Multilingual Sentiment Analysis
Parlez-vous français? The user-generated content gathered from various social media platforms is noisy, unstructured, and multilingual. Processing this type of content and extracting opinions from multilingual resources requires robust text mining techniques. This ranges from simple spelling corrections to more complex tasks such as sentiment analysis or the identification of named entities (locations, persons, organizations).
Multilingual capabilities are becoming increasingly important when applying these techniques to global networks. This goes beyond merely detecting the language(s) used, a comparably straightforward task. It requires specific language resources, for example sentiment lexicons, and a system that is capable of processing grammatical structures and consider the idiosyncrasies of specific language communities.
Dealing with Ambiguity
Is it Apple or an apple? Does the tweet refer to the multinational technology company or an edible fruit? Many automated systems cannot resolve such ambiguities. webLyzard addresses this problem through domain-specific knowledge, context awareness and the ability to identify relations between semantic concepts.
Recent articles published in Knowledge-Based Systems and IEEE Intelligent Systems, two prestigious scientific journals, present webLyzard’s novel approach to contextualization. These articles describe how the underlying methods were developed and point out their advantages over existing approaches. They include detailed evaluation sections based on user-generated online reviews of movies (IMDb), hotels (TripAdvisor) and products (Amazon).

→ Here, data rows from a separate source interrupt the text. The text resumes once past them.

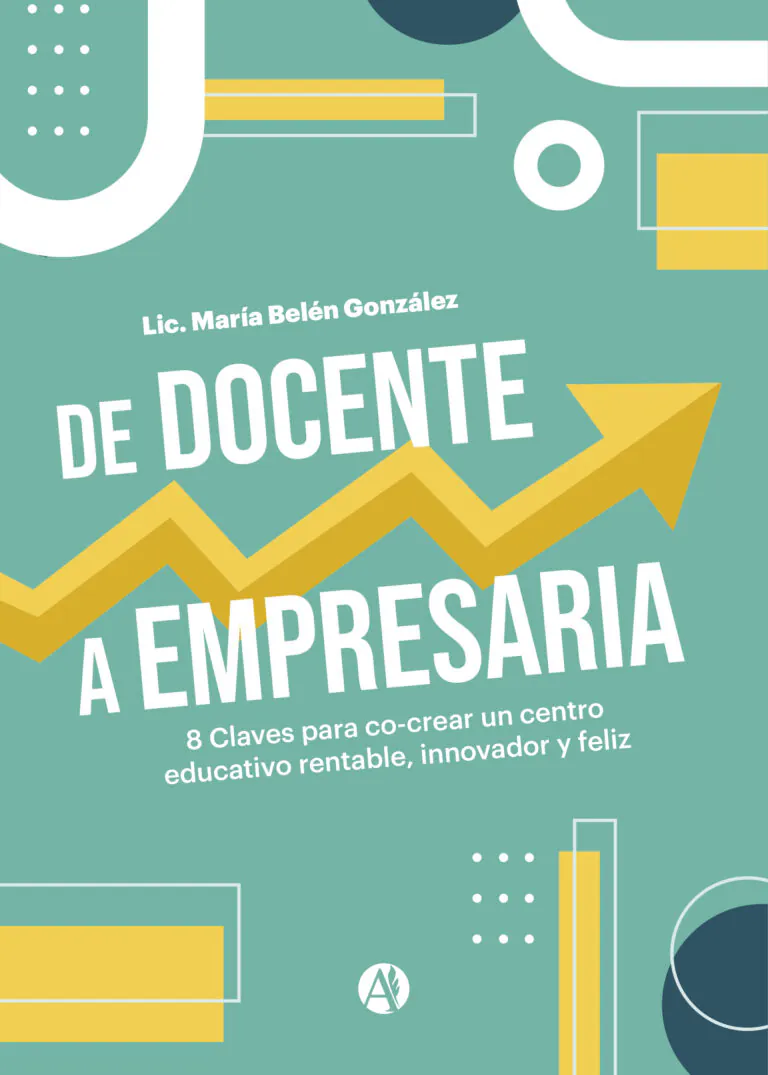 Portada del libro De Docente a Empresaria de Lic María Belén González.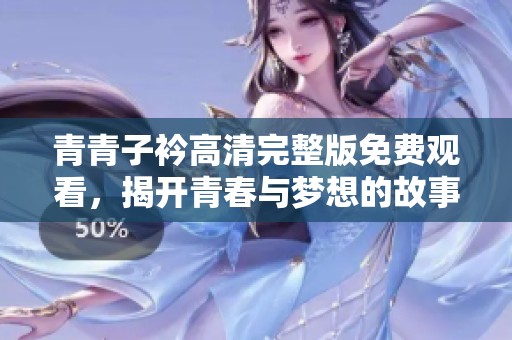 青青子衿高清完整版免费观看，揭开青春与梦想的故事帷幕
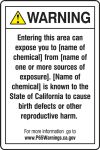 Prop 65 Warning Safety Sign: Entering This Area Can Expose You To (Chemical) From (Source of Exposure). (Chemical) Is Know To The State Of California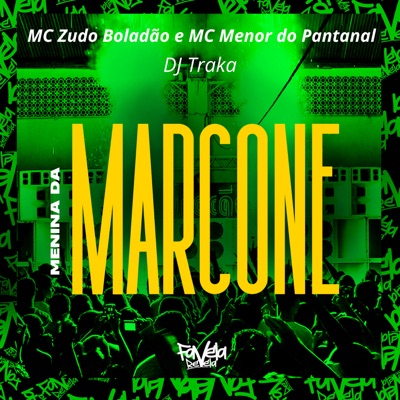 Menina da Marcone - Single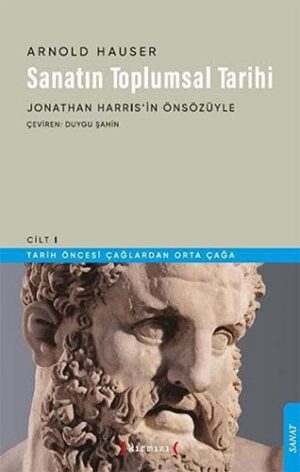 Sanatın Toplumsal Tarihi;Tarih Öncesi Çağlardan Orta Çağa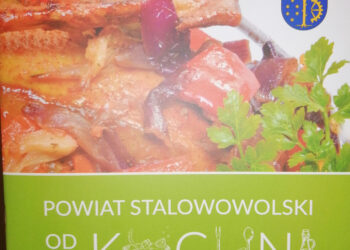 Stalowa Wola: Nowe wydanie Powiatu Stalowowolskiego od Kuchni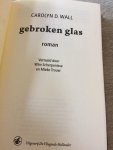 Wall, Carolyn - Gebroken glas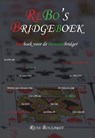 ReBo's Bridgeboek - Rens Bousardt - 9789082855616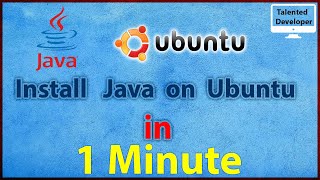 How to install Java on Ubuntu (Debian Linux) in 1 minute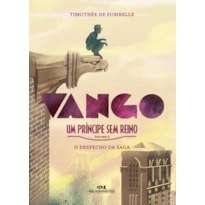 VANGO - UM PRÍNCIPE SEM REINO: VOLUME 2: O DESFECHO DA SAGA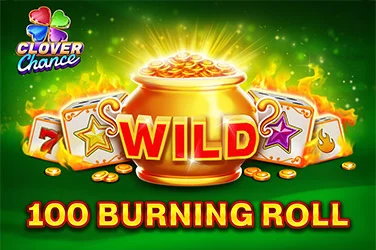 100 Burning Roll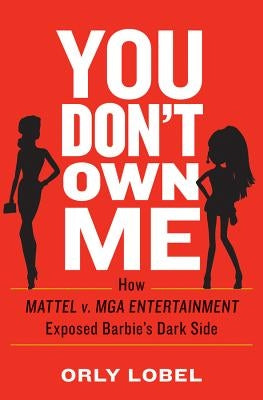 You Don't Own Me: How Mattel V. MGA Entertainment Exposed Barbie's Dark Side by Lobel, Orly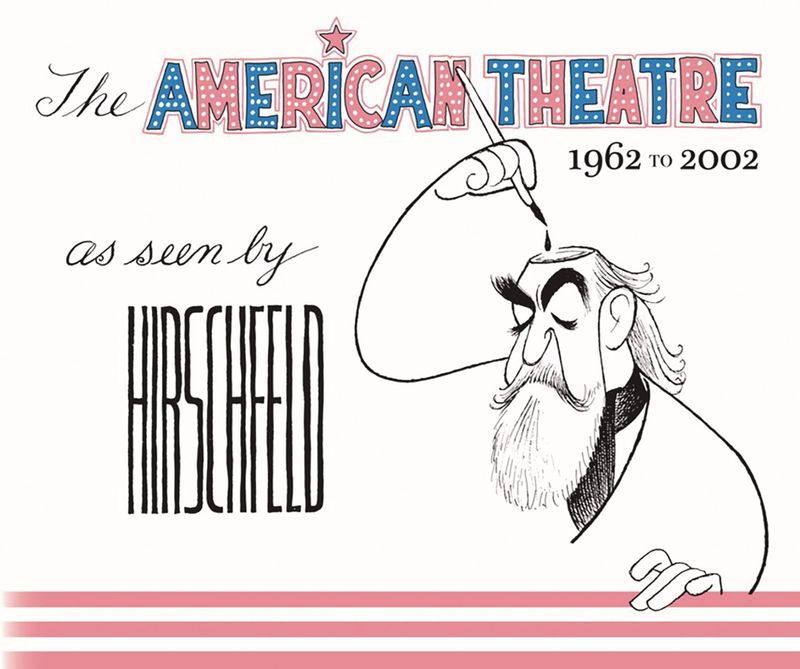 AMERICAN THEATRE AS SEEN BY HIRSCHFELD 1962-2002 HC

The 2013 IEEE article focuses on disambiguation and the generation of contextualized sentiment lexicons. The follow-up article in Knowledge-Based Systems extends the method, using knowledge graph enrichment techniques to integrate external affective resources into the opinion mining process. The 2017 IEEE article then increases the granularity of the approach by focusing on specific aspects. This includes product features (e.g., a digital camera’s resolution) or the perceptions of a specific event (e.g., as part of a sponsorship agreement). Another important extension is emotion detection, using more fine-grained affect models to distinguish a range of human emotions such as Joy, Trust, Anger and Fear.
- Weichselbraun, A., Gindl, S., Fischer, F., Vakulenko, S. and Scharl, A. (2017). “Aspect-Based Extraction and Analysis of Affective Knowledge from Social Media Streams“, IEEE Intelligent Systems, 32(3): 80-88.
- Weichselbraun, A., Gindl, S. and Scharl, A. (2014). “Enriching Semantic Knowledge Bases for Opinion Mining in Big Data Applications”, Knowledge-Based Systems, 69:78-85.
- Weichselbraun, A., Gindl, S. and Scharl, A. (2013). “Extracting and Grounding Contextualized Sentiment Lexicons”, IEEE Intelligent Systems, 28(2): 39-46.
- Scharl, A. and Weichselbraun, A. (2008). “An Automated Approach to Investigating the Online Media Coverage of US Presidential Elections”, Journal of Information Technology & Politics, 5(1): 121-132.